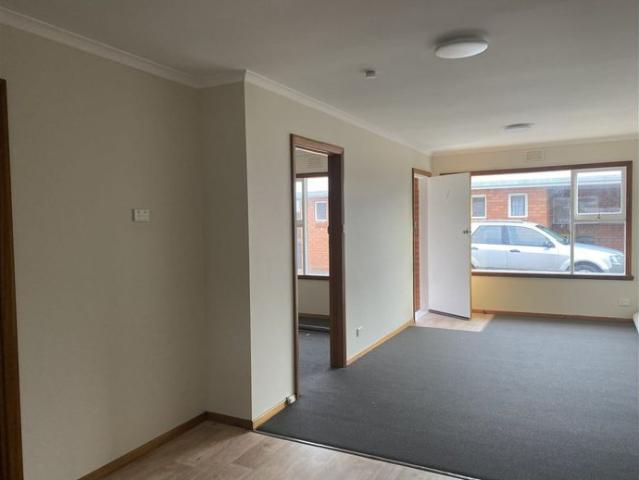 2 BEDROOM UNIT CLOSE TO ALL AMENITIES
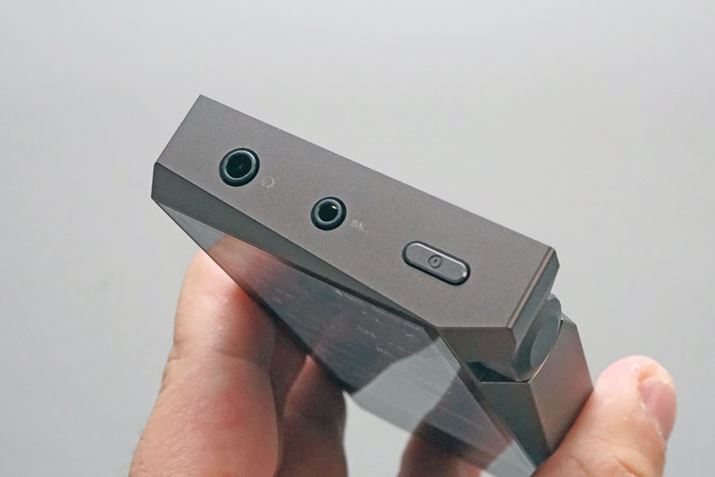 {̏㕔B3.5mmAoXo͂2.5mm4ɃoXóAd{^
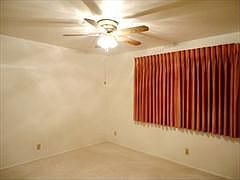 5th image of 1154 E Vaughn St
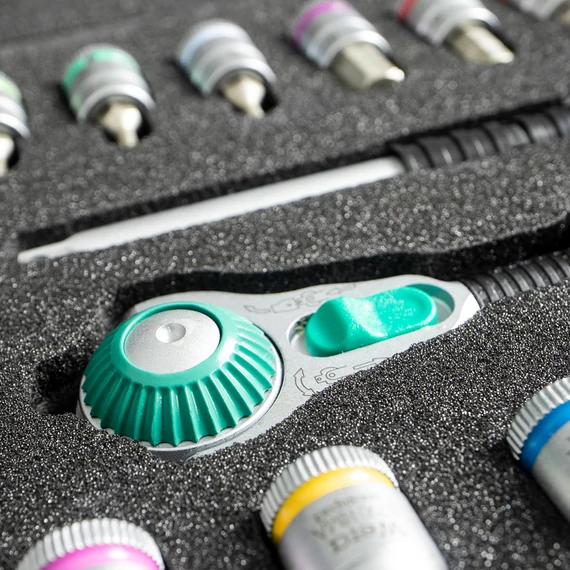 WERA 9700 Szerszámos kocsi szerszámmal, 94db-os
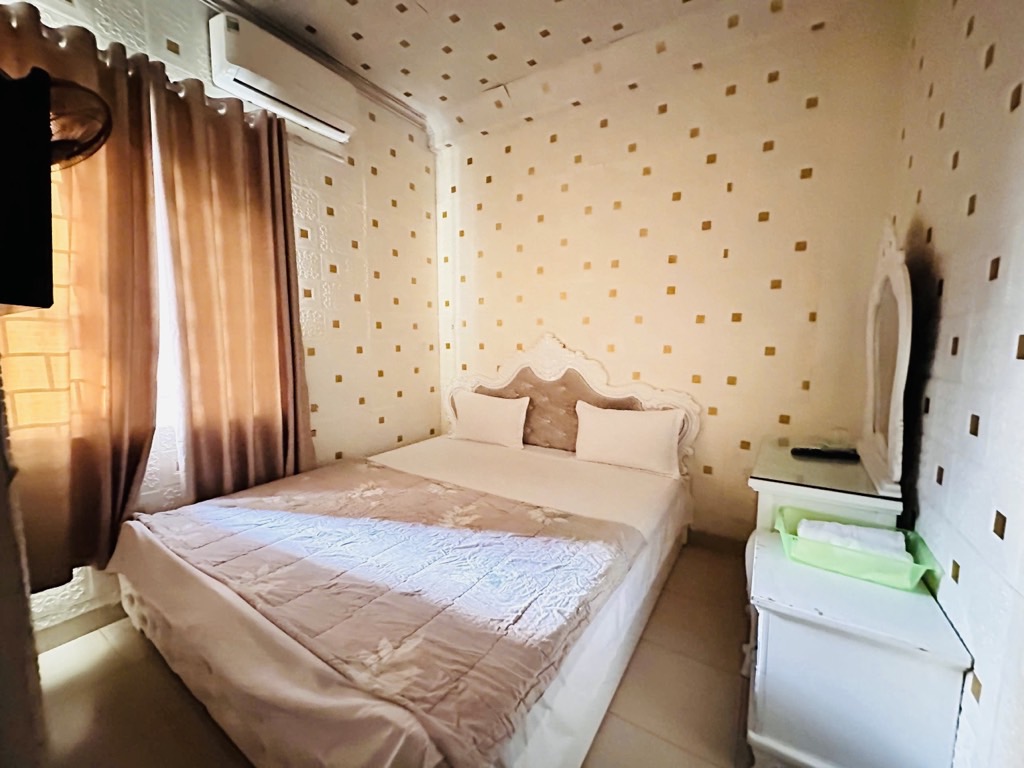 Bán nhà Quan Thổ 1 - diện tích 53m2 5 tầng - 2 mặt thoáng, ngõ ô tô tránh - giá 24 tỷ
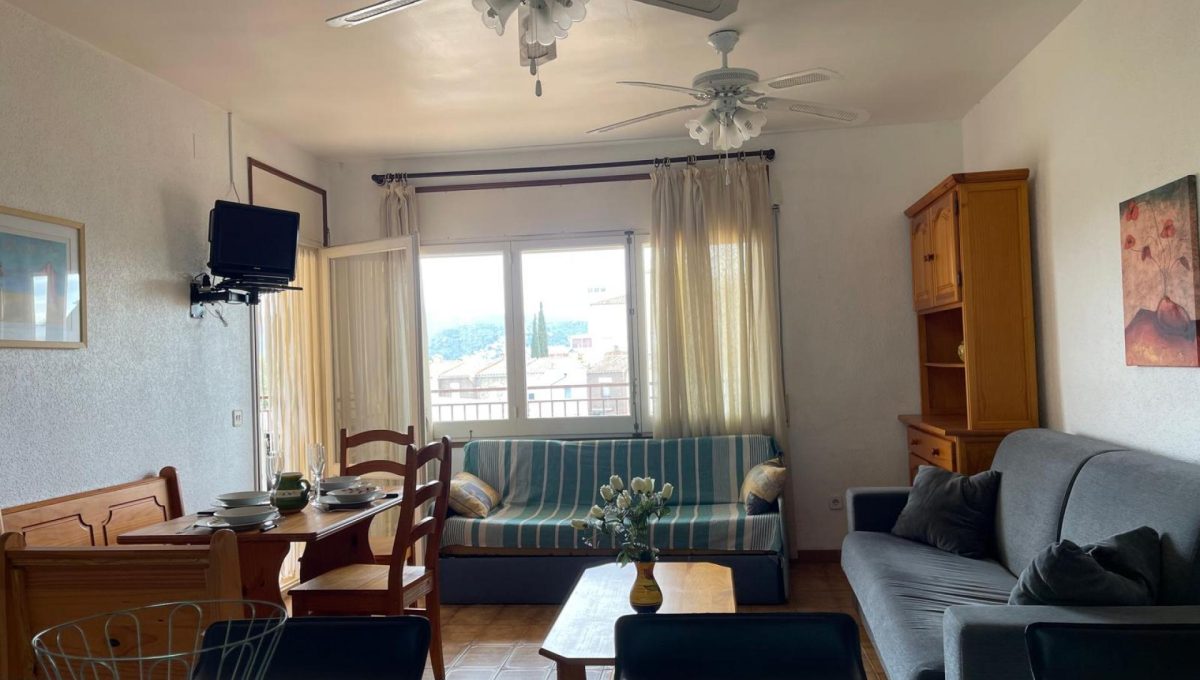 854884965_8a63a739905339fe326c6a2dc083833c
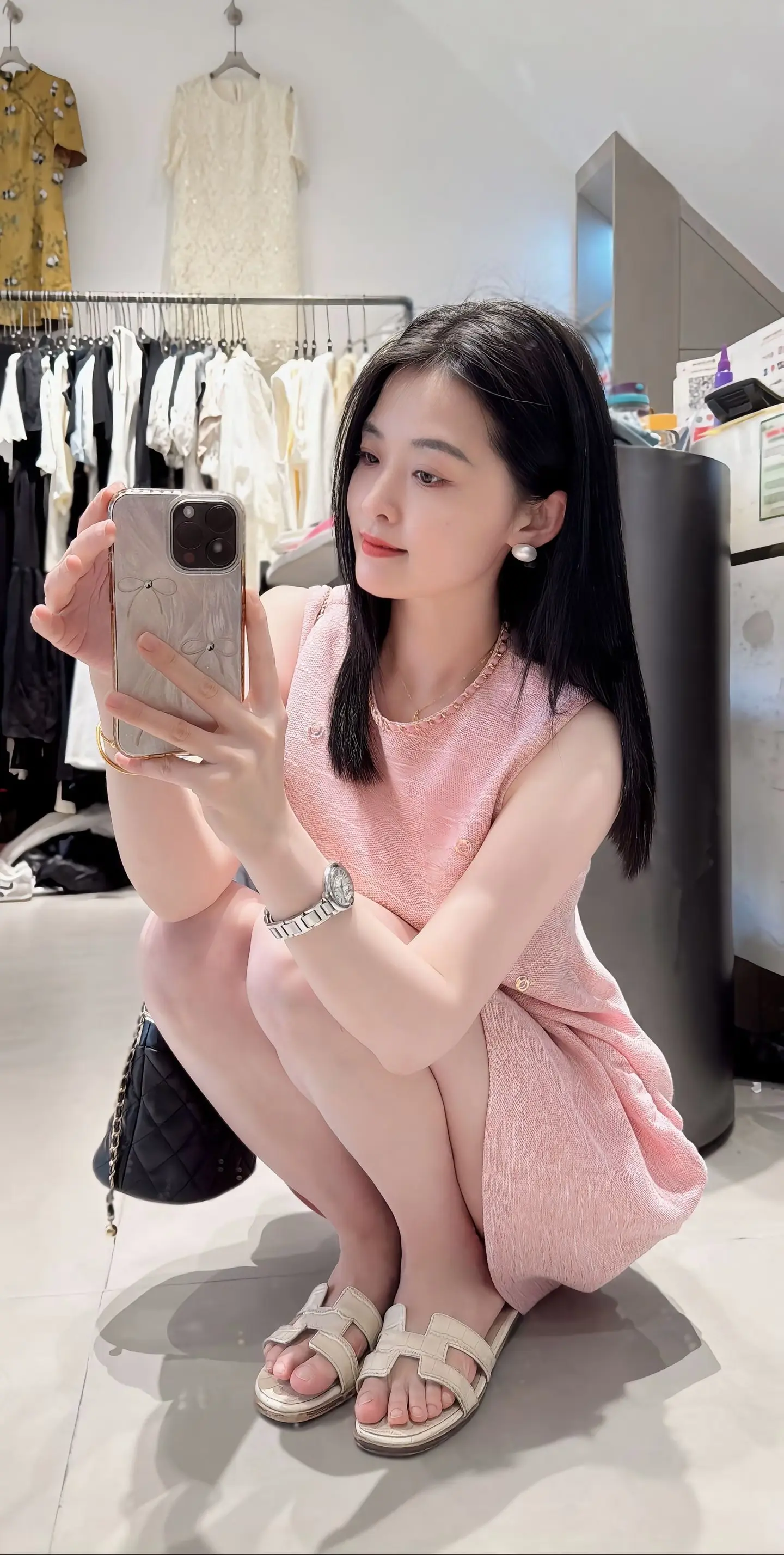 夫妻久了就是亲人，少听网上那些毒鸡汤，什么过节不给你转账买礼物就是不爱...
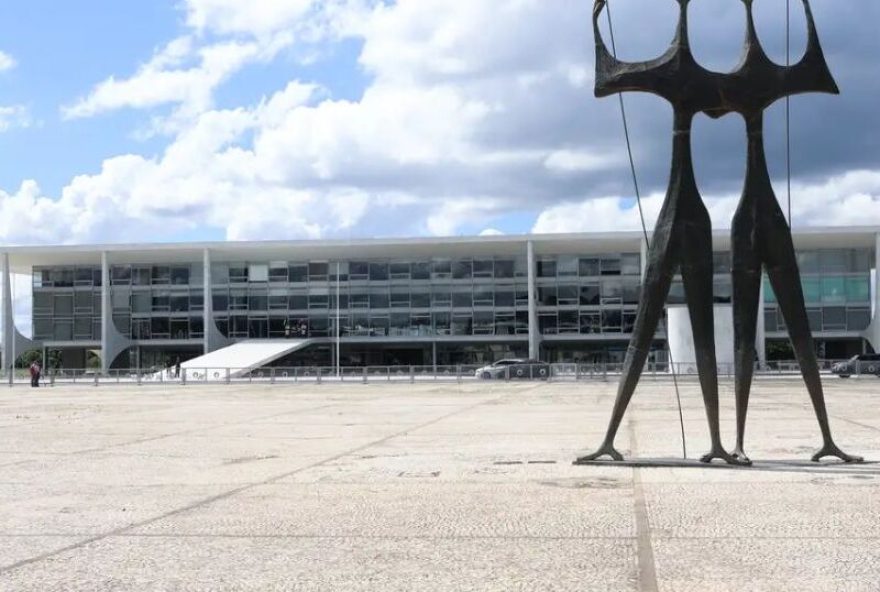 reforma-da-praca-dos-tres-poderes-tera-custo-5725-maior-que-o-previsto reforma-da-praca-dos-tres-poderes-tera-custo-5725-maior-que-o-previsto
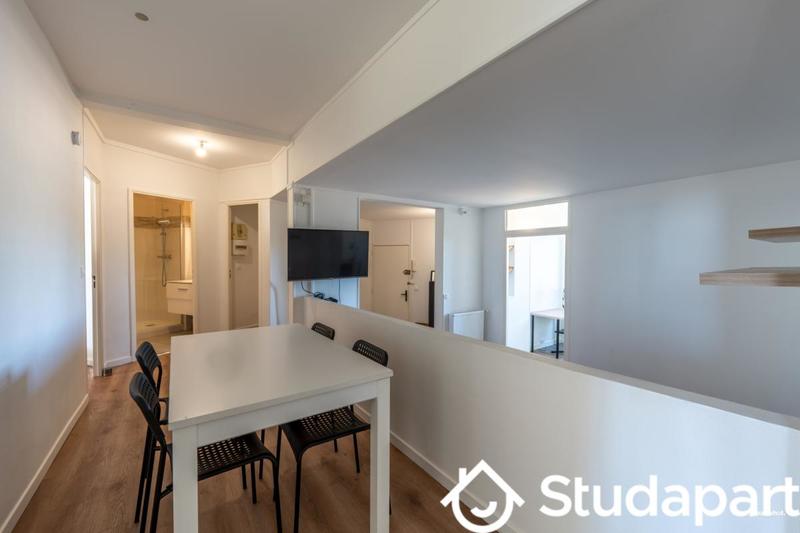 Chambre - 11 m² - 1 pièce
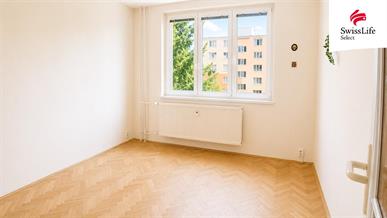 Prodej bytu 3+1 68 m2 U Koupaliště, Chodov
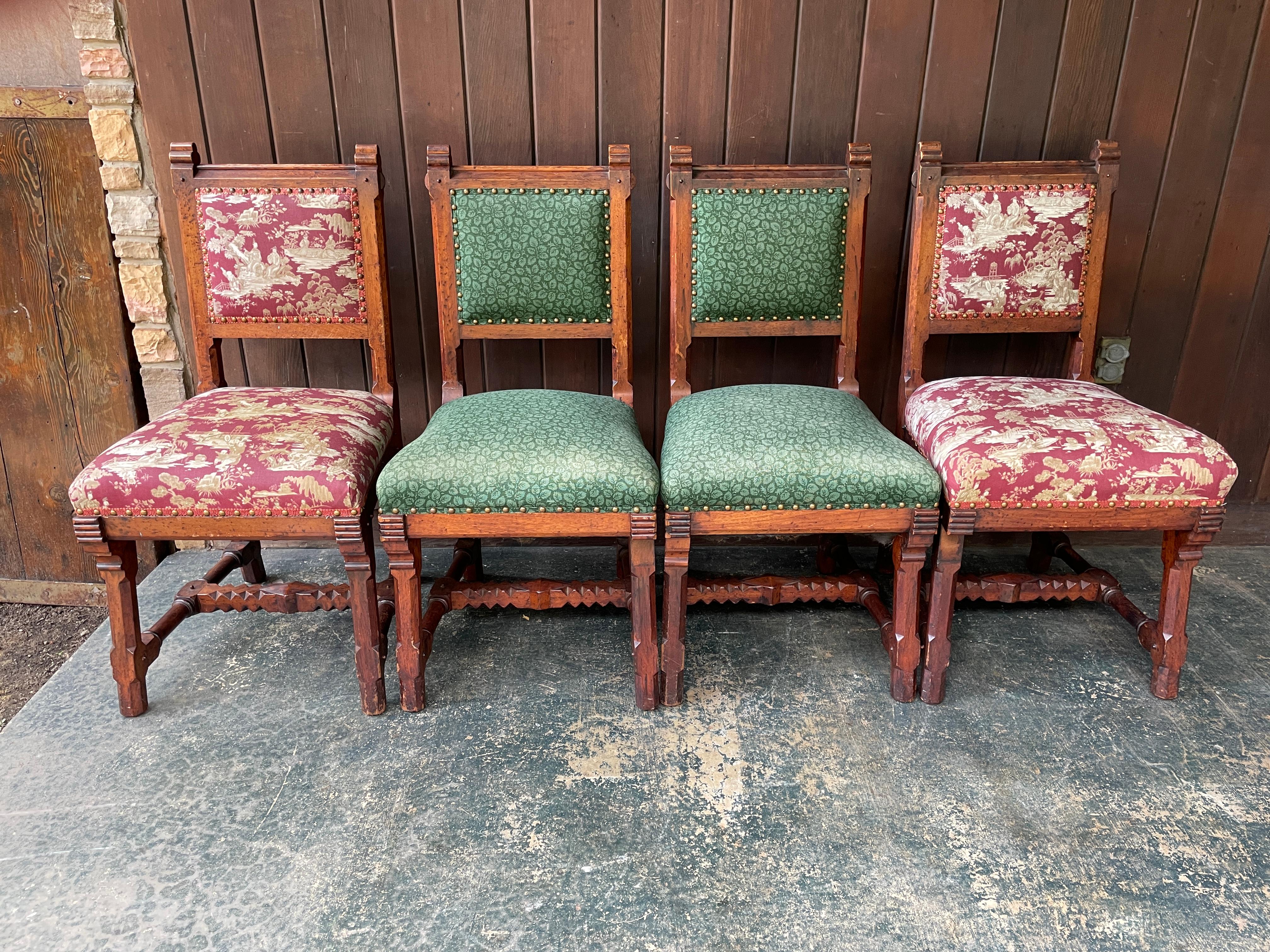 Set di sedie da pranzo Eastlake gotiche del 1900 Poltrone in noce intagliato Rinascimento, 6 in vendita 3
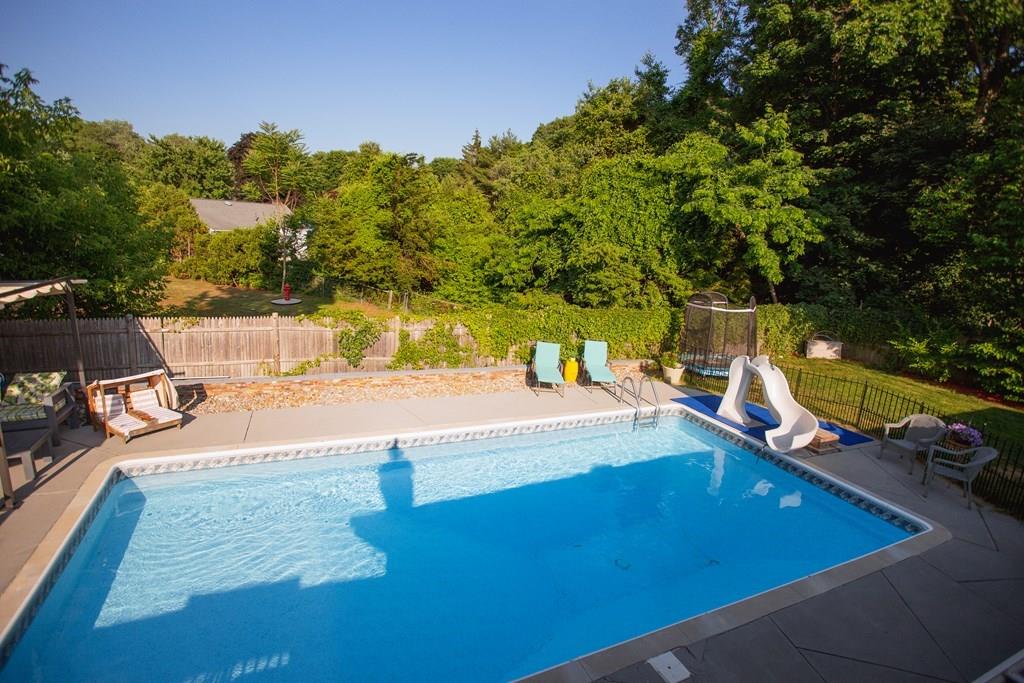 8 Ballydrain Road Framingham, MA 01701 - Photo 22 of 25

┄┄┄┄┄┄┄┄┄┄┄┄┄┄┄┄┄┄┄┄

### Problem
When you set down the records above, copy every line exactly and exclude the pictures.

### Answer below
 2 BEDROOM UNIT CLOSE TO ALL AMENITIES
 {̏㕔B3.5mmAoXo͂2.5mm4ɃoXóAd{^
 5th image of 1154 E Vaughn St
 WERA 9700 Szerszámos kocsi szerszámmal, 94db-os
 Bán nhà Quan Thổ 1 - diện tích 53m2 5 tầng - 2 mặt thoáng, ngõ ô tô tránh - giá 24 tỷ
 854884965_8a63a739905339fe326c6a2dc083833c
 夫妻久了就是亲人，少听网上那些毒鸡汤，什么过节不给你转账买礼物就是不爱...
 reforma-da-praca-dos-tres-poderes-tera-custo-5725-maior-que-o-previsto reforma-da-praca-dos-tres-poderes-tera-custo-5725-maior-que-o-previsto
 Chambre - 11 m² - 1 pièce
 Prodej bytu 3+1 68 m2 U Koupaliště, Chodov
 Set di sedie da pranzo Eastlake gotiche del 1900 Poltrone in noce intagliato Rinascimento, 6 in vendita 3
 8 Ballydrain Road Framingham, MA 01701 - Photo 22 of 25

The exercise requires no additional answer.